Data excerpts

***

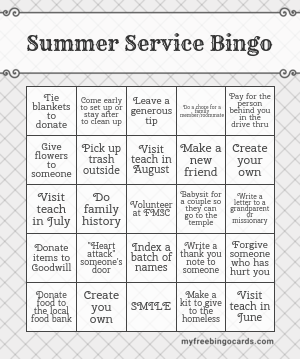 summer service bingo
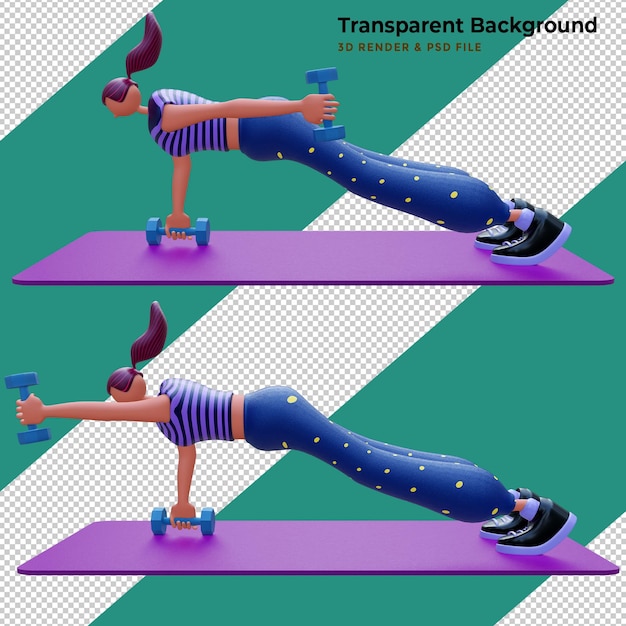 Illustrazione 3d. personaggio dei cartoni animati della ragazza. concetto di sport, yoga e fitness. ragazza che fa esercizio con manubri.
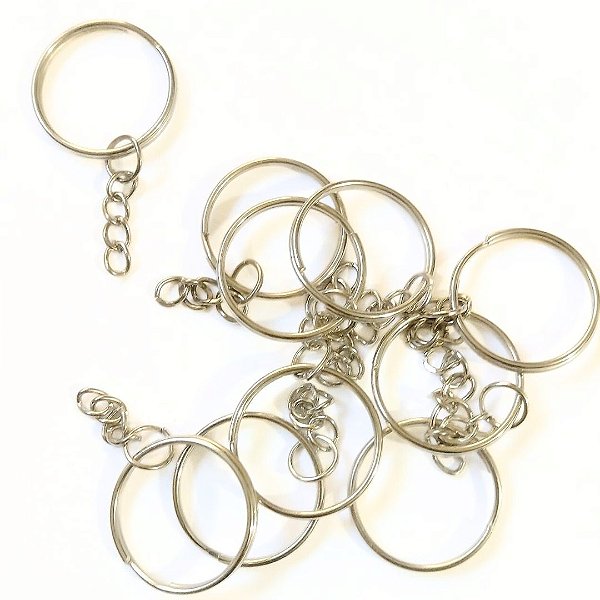 Argola para Chaveiro PRATA Reforçada Luli 25mm - 10 UNIDADES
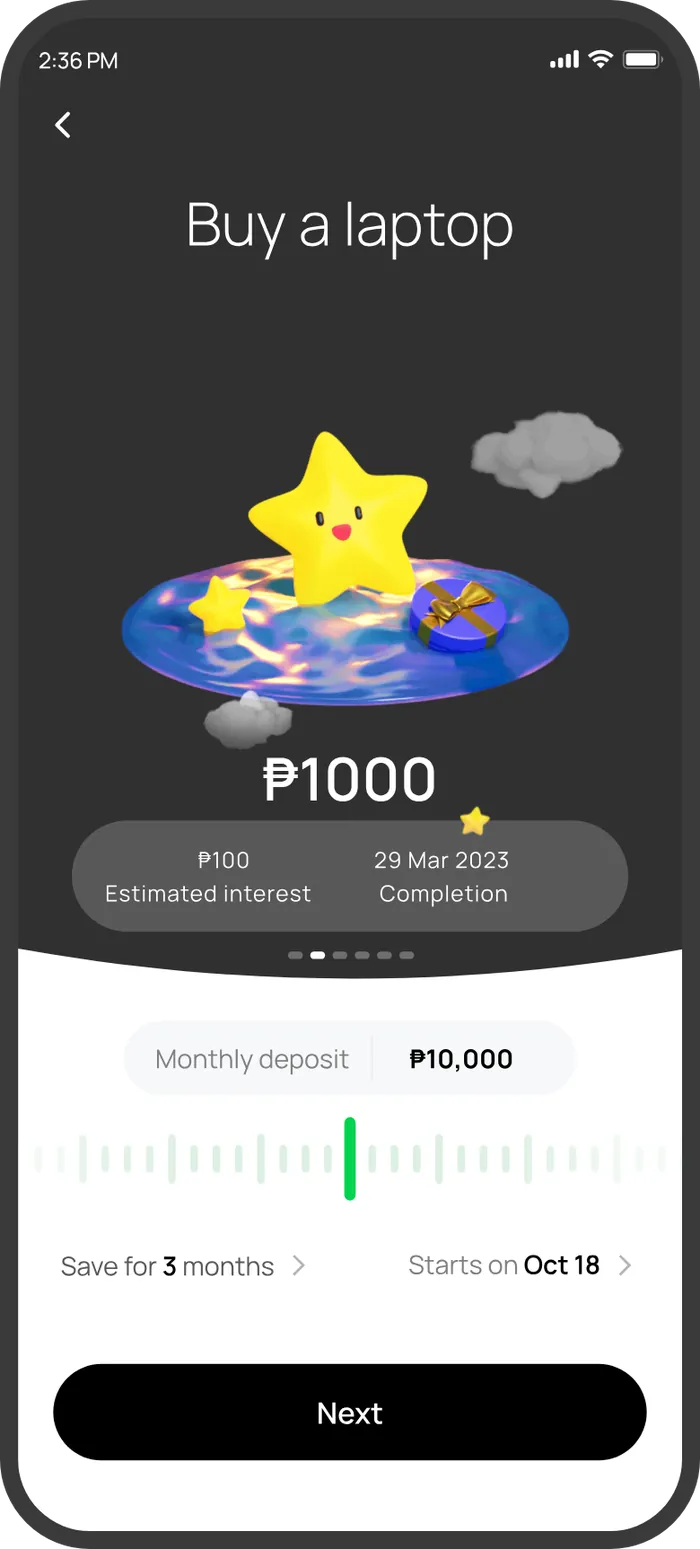 Custom wish screen: Buy a laptop, ₱1000
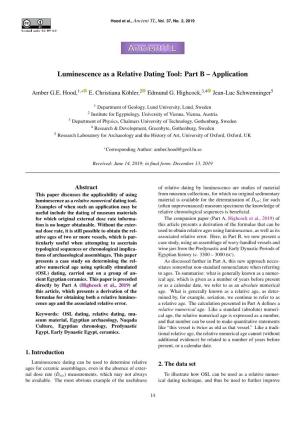 Luminescence As a Relative Dating Tool: Part B – Application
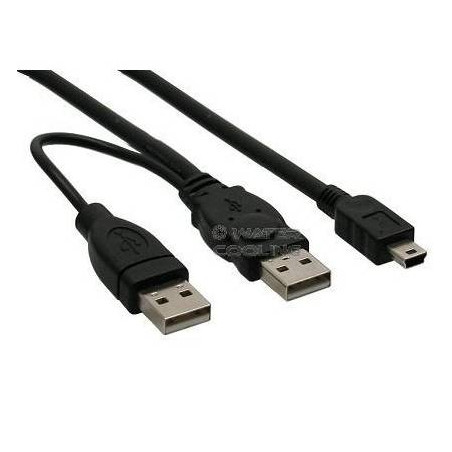 PremiumCord USB 2.0 napájecí Y kabel A/M + A/M -- A/M mini 0.4m + 0.5m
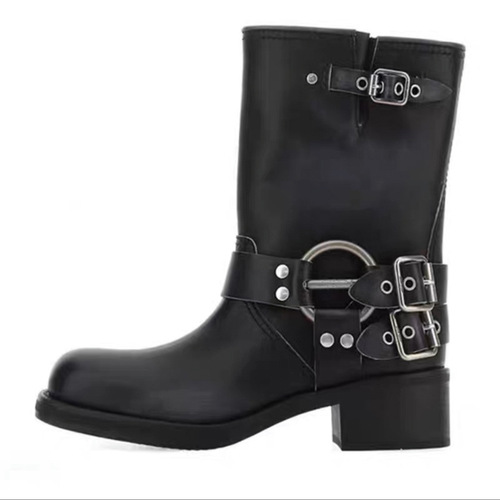 British simple black thick-soled Martin boots for women 2024 new summer thick heel knight boots British style short boots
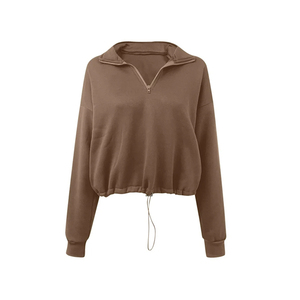 Sudaderas Cortas con Cierre y Cuello Alto a la Moda para Mujer - Product Image 5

***

ACTIVITY:
Your job is to copy every entry exactly. Omit the pictures.

REPLY:
 summer service bingo
 Illustrazione 3d. personaggio dei cartoni animati della ragazza. concetto di sport, yoga e fitness. ragazza che fa esercizio con manubri.
 Argola para Chaveiro PRATA Reforçada Luli 25mm - 10 UNIDADES
 Custom wish screen: Buy a laptop, ₱1000
 Luminescence As a Relative Dating Tool: Part B – Application
 PremiumCord USB 2.0 napájecí Y kabel A/M + A/M -- A/M mini 0.4m + 0.5m
 British simple black thick-soled Martin boots for women 2024 new summer thick heel knight boots British style short boots
 Sudaderas Cortas con Cierre y Cuello Alto a la Moda para Mujer - Product Image 5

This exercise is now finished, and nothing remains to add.